Figure 1. Resistivity of NiS₂ under pressure.

For pressures larger than 2.6 GPa, a rapid drop in the resistivity is observed at a temperature T_MIT, defined from the steepest slope. (Inset) Schematic representation of the formation of upper and lower Hubbard bands for large Coulomb interaction U, and of the emergence of a coherent quasiparticle peak at the chemical potential, when the bandwidth W is increased, for instance by tuning the lattice density under pressure.

Figure 2. High-pressure phase diagram of NiS₂.

Solid circles and triangles represent the transition temperatures of the MIT and ferromagnetic order (cf. Supplementary information II) as extracted from resistivity, respectively. Open squares and triangles reflect the magnetic transition temperatures in the metallic and insulating state from Refs ,, respectively. Left inset shows the pyrite structure of NiS₂ with the sulphur dimers indicated. Right inset shows the evolution of room-temperature (red triangles) and low-temperature (blue triangles) resistivity.

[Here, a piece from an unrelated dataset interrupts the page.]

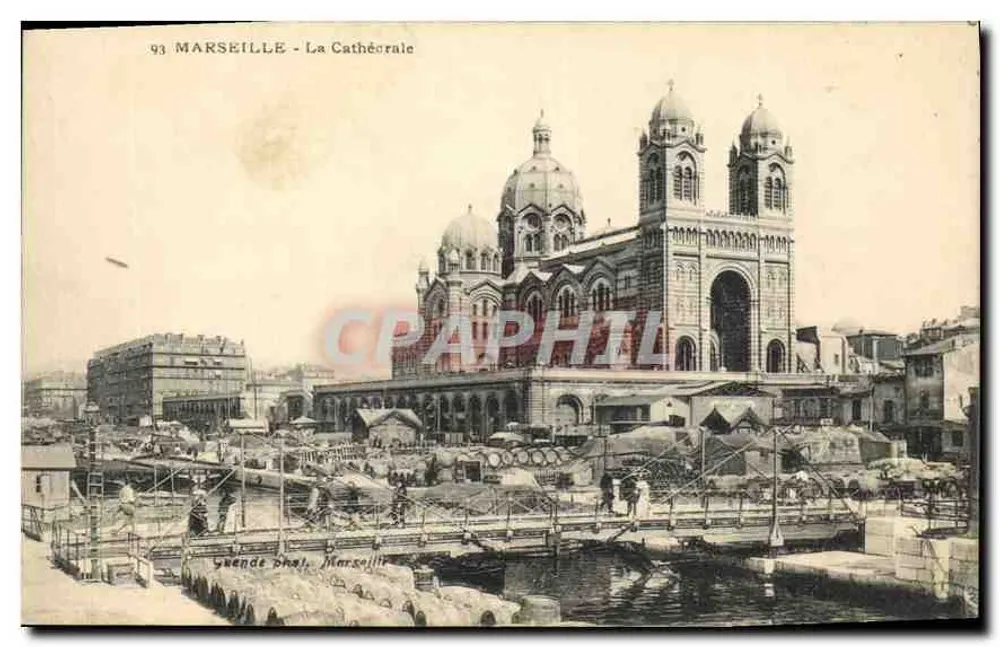 Marselha - A Catedral — vista do porto, editor Yvendé Phal, n° 93 - Frente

Figure 3. Quantum oscillations in the metallic phase of NiS₂.

(A) We analyze the derivative dF/dH of the TDO frequency F with respect to field H. Numerical differentiation used locally fitted polynomials. A smooth background has been subtracted. Plotting against inverse magnetic field reveals the characteristic periodicity in 1/H of quantum oscillations. Data obtained from several sweeps with different sweep rates are averaged thus ruling out parasitic signals as a source of 1/H periodicity. (B) Power spectra of the Fourier transformed signal were obtained at several temperatures. The magnetic field was oriented along the crystallographic (100) direction within the cubic unit cell notation.

Figure 4. Determination of the effective mass.

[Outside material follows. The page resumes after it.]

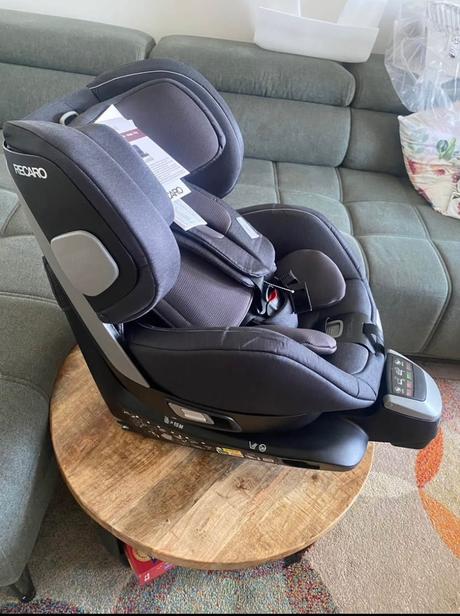 Recaro salia 360 rotation,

The temperature dependence of the quantum oscillation amplitude (solid circles) is fitted with the Lifshitz-Kosevich form for two subsequent runs (solid red line). Vertical lines reflect standard errors estimated from background in the Fourier spectrum close to 6 kT (cf. Fig. 3).

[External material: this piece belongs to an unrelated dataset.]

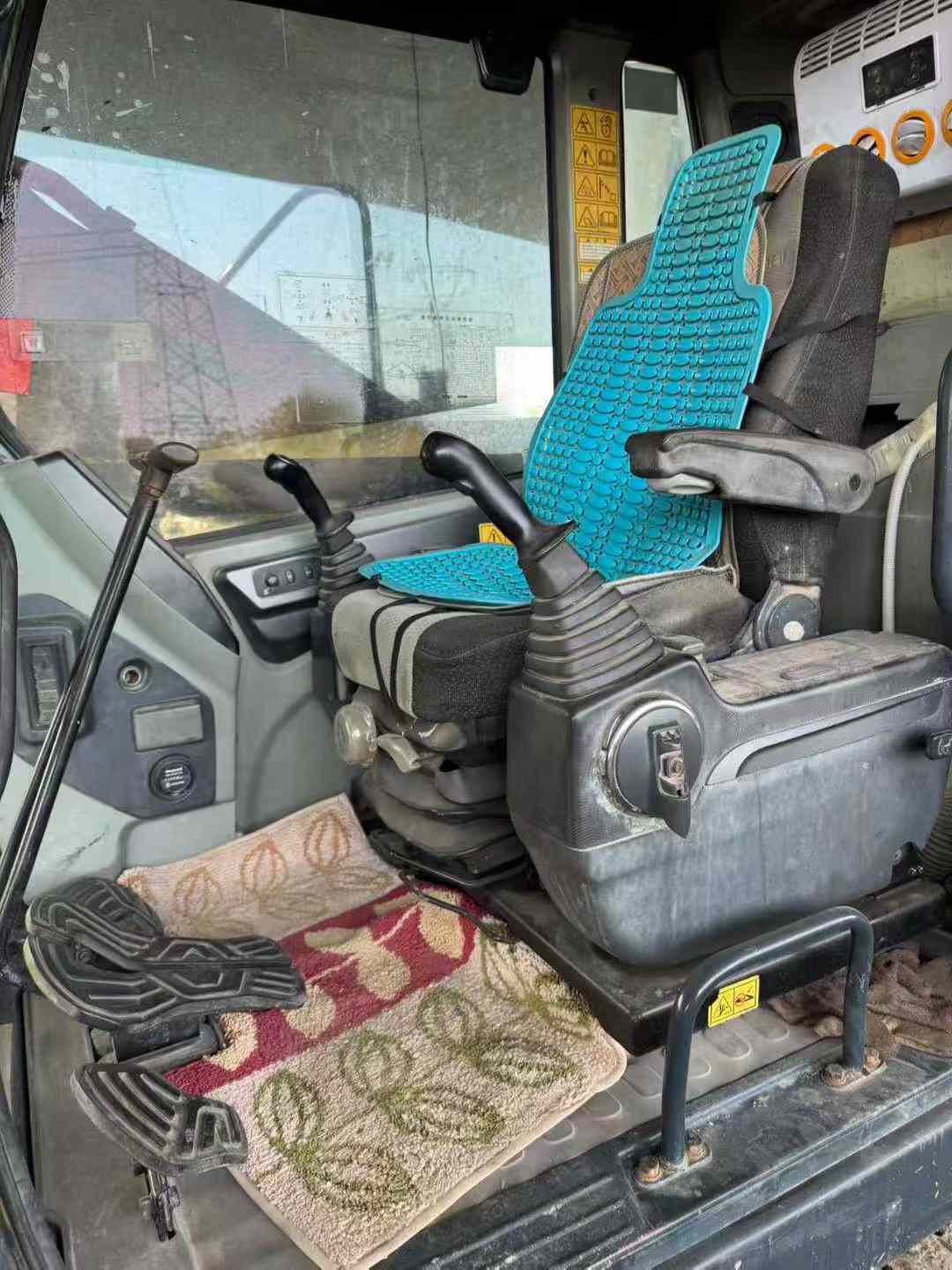 Used Hyundai R215VSN Excavator 2017 Model / 4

Figure 5. Calculated Fermi surface.

The Fermi surface was determined from band structure calculations using the lattice parameters and atomic positions as determined by our x-ray diffraction (see Supplementary information I). Besides the major sheets depicted here we find two small pockets in the Brillouin-zone corners. The solid red line on the first sheet represents its belly orbit.